The right to make a customs or Special Import Measures Act (“SIMA”) appeal is very different than the right to make similar income tax or GST appeals. Unlike income tax or GST, appeals for customs and SIMA cases can ONLY be made once full payment of ALL amounts assessed has been made to the government!
This unfair situation is presenting problems for Canadian commercial importers who want to fight their Canada Border Services Agency (“CBSA”) customs and SIMA assessments but lack the financial ability to do so. The issue is especially severe in the case of SIMA assessments, where the amounts being levied by CBSA can sometimes exceed two or three times the total value of the imported goods themselves – and add up to 10 or 20 times the profit margin that the importer expected to earn from these import transactions.

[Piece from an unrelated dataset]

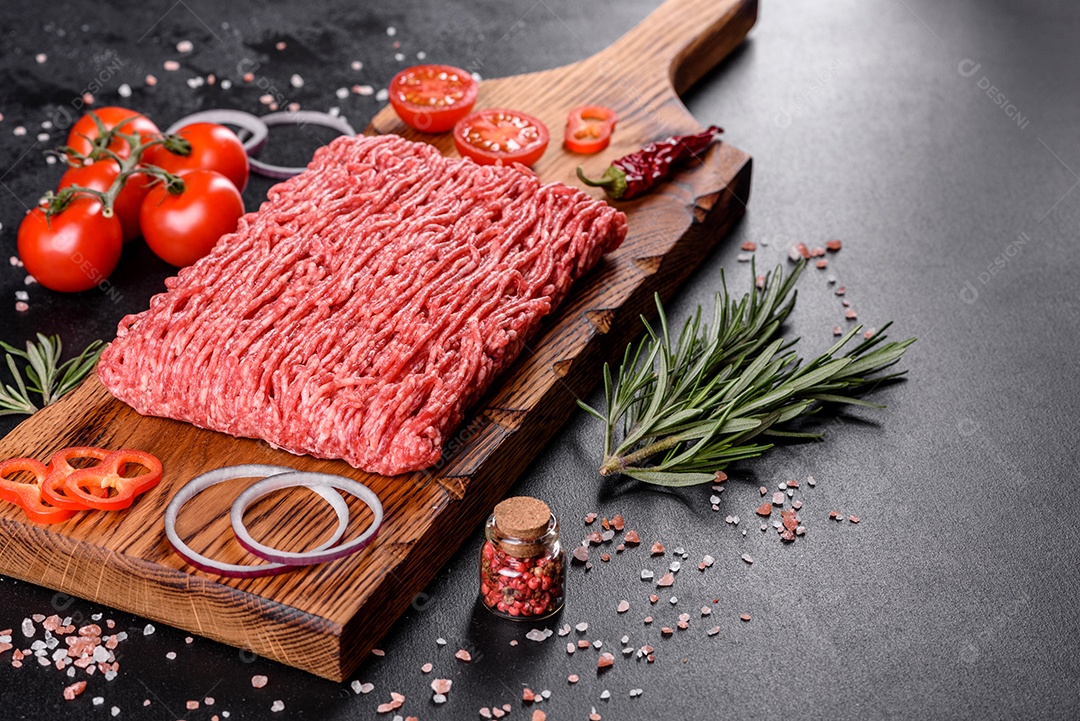 Carne crua fresca picada em um fundo escuro. Preparação para cozinhar costeletas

Unfortunately, a recent Federal Court of Appeal (“FCA”) decision has signalled that this situation is not going to change in the near-term – meaning that importers that want to uphold their rights will need to come up with strategies to pay or secure these customs and SIMA assessments, and then seek legal advice to challenge the assessment.
Customs and SIMA appeals are governed by the Customs Act and Special Import Measures Act, respectively. Income tax appeals are governed by the provisions of the Income Tax Act, while GST appeals are governed by the Excise Tax Act (“ETA”). As noted above, the former two pieces of legislation take a “pay-to-play” approach, requiring full payment of all amounts assessed before appeals are permitted: for example, see section 60 of the Customs Act. This is problematic because there are many reasons why commercial importers might disagree with customs or SIMA assessments, and want to have them reviewed either by the CBSA internally (under the CBSA’s Redetermination Process) or judicially by the Canadian International Trade Tribunal (“CITT”).

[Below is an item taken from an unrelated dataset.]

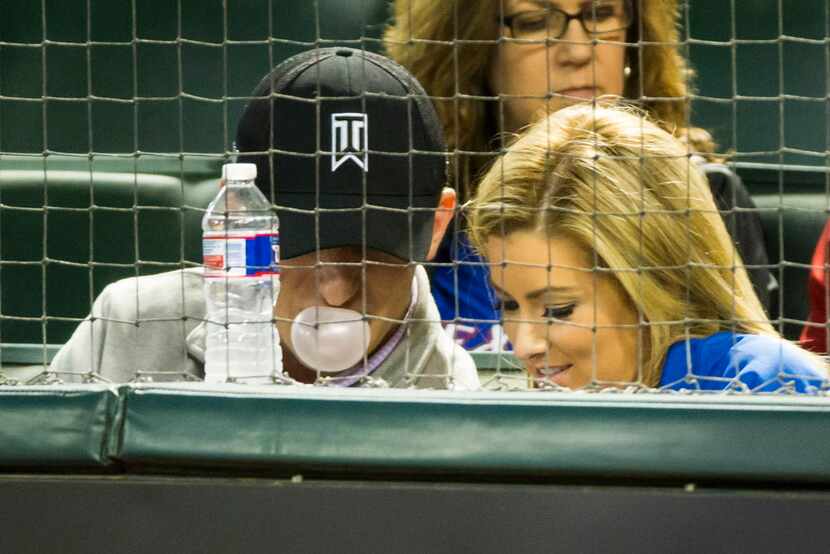 Johnny Manziel blows a bubble as he watches from the seats behind home plate as the Texas...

Customs appeals are often necessary when commercial importers disagree with the decisions of CBSA regarding the treatment of their imported goods. Disputes can arise as to the proper tariff classification (tariff class) afforded to the imported goods (which determines the rates of duty that apply to the goods on import to Canada). Disputes can also involve the customs valuation (value for duty) of the goods when imported, or the “origin” of the goods (as goods from certain countries have higher rates of duty (tariff schedules) that other countries.

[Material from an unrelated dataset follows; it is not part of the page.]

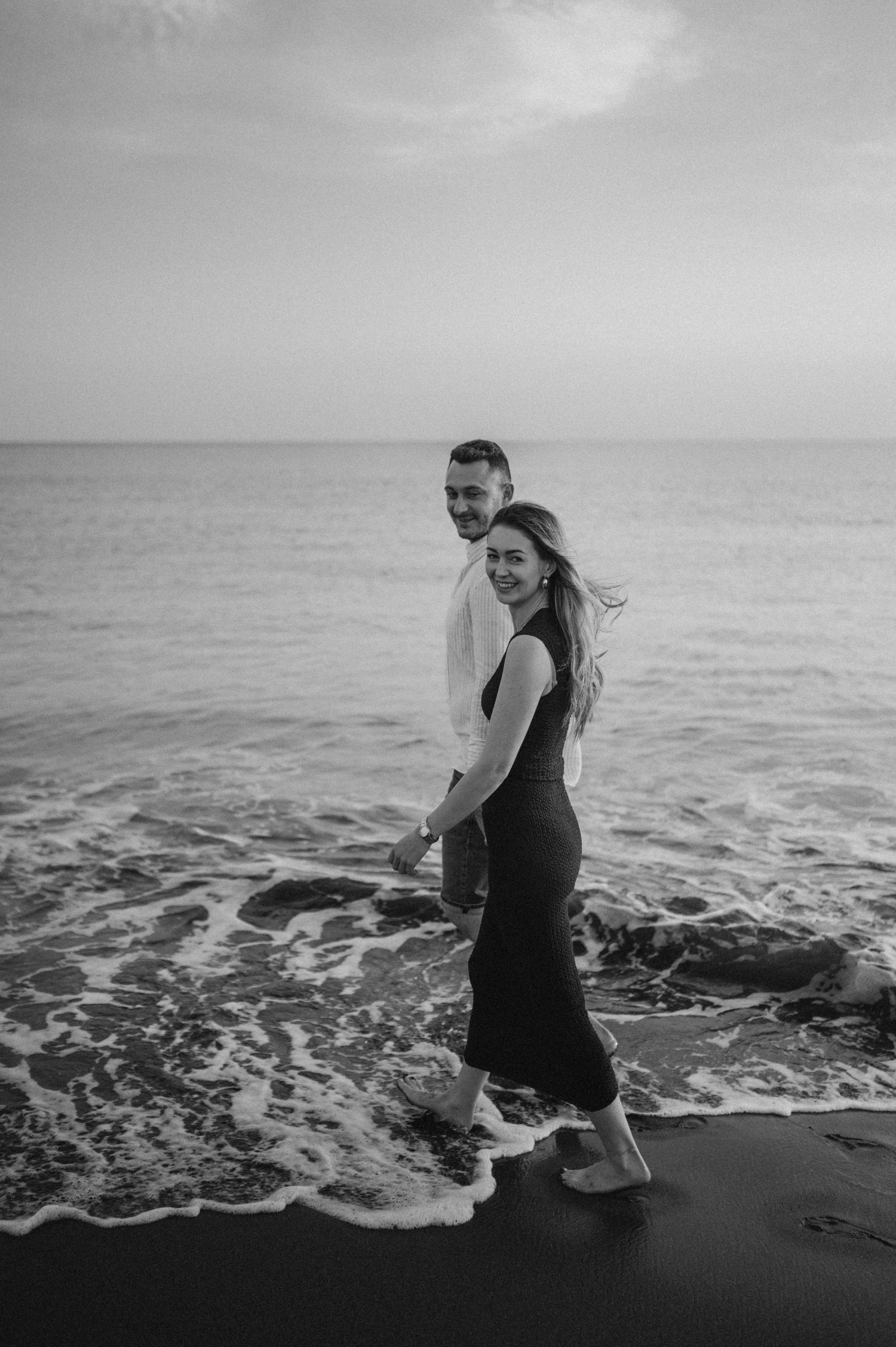 Young couple holding hands and enjoying sunset by Montaña Roja on Playa de La Tejita, Tenerife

SIMA appeals are often necessary where CBSA determines that the goods imported are the subject of special anti-dumping and/or countervailing duties (collectively, “ADD”), imposed by the SIMA in situations where there are allegations that certain countries are selling goods into the Canadian marketplace at subsidized prices, or at prices that are below market value.
Prairies Tubulars Decision
The FCA’s decision in Prairies Tubulars (2015) Inc. v CBSA was the first opportunity for the FCA to consider the constitutionality of this important “pay-to-play” issue. Prairies Tubulars imported and sold “oil country tubular goods” (“OCTG”) to drilling companies in Alberta’s oil and gas industry. It was assessed anti-dumping duties in of some $19 million and wanted to appeal. However, faced with the $19 million assessment, Prairie Tubulars neither paid the duties nor sought a re-determination, taking the position that it could not pay the outstanding duties and was therefore unable to pursue an administrative appeal to the CBSA. Instead, Prairies Tubulars made a judicial review application to the Federal Court.
Unfortunately, the FCA ultimate found that the “pay-to-play” regime was constitutional, and that Prairie Tubulars, in acting the way it did, effectively lost its right of appeal on the matters.
Canada’s “pay-to-play” system is extremely unpalatable for commercial importers. Regrettably, this system is here to stay, and Canadian importers have no choice but to pay or secure customs and SIMA assessments, and then engage capable counsel to appeal those matters substantively.